Bumbling forward into the unknown.
Brian,
Absolutely. Even a well fitted joint benefits from draw-boring. A draw-bored joint tells me the maker cared about the longevity of his work. In the "art" photography world there was a term "the hand of man". In furniture making I want to see the hand of man.
ken
That's not my experience. Cutting M&T by hand is my standard approach, and I mark the tenon to match my mortise chisel/drill bit and saw to the line. I am typically slightly fat after sawing (not sure why, now that I think of it) and a couple passes with a rabbet plane brings it to a tight fit. Quick(-ish), simple, and tight.
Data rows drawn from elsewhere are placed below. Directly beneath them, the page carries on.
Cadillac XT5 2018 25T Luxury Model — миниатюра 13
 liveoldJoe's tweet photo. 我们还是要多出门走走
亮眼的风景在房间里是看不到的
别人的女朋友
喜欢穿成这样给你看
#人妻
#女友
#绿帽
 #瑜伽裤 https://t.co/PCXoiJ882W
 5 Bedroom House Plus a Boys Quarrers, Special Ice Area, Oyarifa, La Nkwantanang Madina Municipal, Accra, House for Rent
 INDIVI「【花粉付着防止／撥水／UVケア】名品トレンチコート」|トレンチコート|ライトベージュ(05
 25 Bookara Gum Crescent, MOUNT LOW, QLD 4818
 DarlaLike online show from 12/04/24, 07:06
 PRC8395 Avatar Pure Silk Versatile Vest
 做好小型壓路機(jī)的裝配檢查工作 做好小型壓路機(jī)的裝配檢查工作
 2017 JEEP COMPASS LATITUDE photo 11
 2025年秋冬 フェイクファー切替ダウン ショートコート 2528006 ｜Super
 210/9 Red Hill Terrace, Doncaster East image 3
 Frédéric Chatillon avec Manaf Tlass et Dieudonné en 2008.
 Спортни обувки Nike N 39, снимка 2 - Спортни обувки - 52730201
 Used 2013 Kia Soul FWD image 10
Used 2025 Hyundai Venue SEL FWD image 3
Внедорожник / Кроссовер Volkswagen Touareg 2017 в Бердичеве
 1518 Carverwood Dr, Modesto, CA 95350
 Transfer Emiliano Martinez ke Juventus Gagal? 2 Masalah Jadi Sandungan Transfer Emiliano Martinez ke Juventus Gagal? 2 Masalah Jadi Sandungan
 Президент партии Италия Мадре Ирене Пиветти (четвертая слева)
Drawboring is great on casework, but I haven't found a good way to do it on chairs due to their angled joinery. On those you must rely on good, tight fit. And unless you're doing production work, machines are too inefficient for chair joinery (too much jigging required).
Mark Maleski
Time the entire process, including the ‘couple passes’ and I’d imagine the actual cutting will be about 6-8 minutes (mortise and tenon) and the additional time of knocking down the sides will likely be that time again. Since you must check, swipe, test fit and swipe again. Do the same again for a truly and completely zero gap joint, then check the time.
Both western and eastern makers historically insist on accuracy ‘off the saw’ or with just the mortise chisel, this is for efficiency of time. Fitting is time consuming well beyond that of the cutout.
An 18th century shop master is going to triple the time involved in joinery cutout for no practical reason?
Last edited by Brian Holcombe; 07-17-2018 at 8:56 AM.
Bumbling forward into the unknown.
In my experience, the actual cutting takes the majority of the time, the fitting is close enough off the saw that it takes just a fraction of the overall time*. But you're right that they worked incredibly fast in that era (they had to...no social safety net and business failure had dire consequences) and wouldn't make anything more stout than it needed to be. I imagine they knew where to take extra care (e.g., visible dovetails; M&T on chairs) and where they could cut corners (non-show dovetails, joinery on slip seats, surface treatment of secondary surfaces {the original subject of this thread}). I'm still doubtful that good casework had loose M&T compensated for by drawboring, but until we take several of them apart it's just speculation.
*what takes a lot of time is taking too many swipes and creating a too-loose fit. The best solution in that case is to glue veneer to the tenon and re-fit after it's dry.
Mark Maleski
"All that is necessary for the triumph of evil is that good men do nothing."
“If you want to know what a man's like, take a good look at how he treats his inferiors, not his equals.”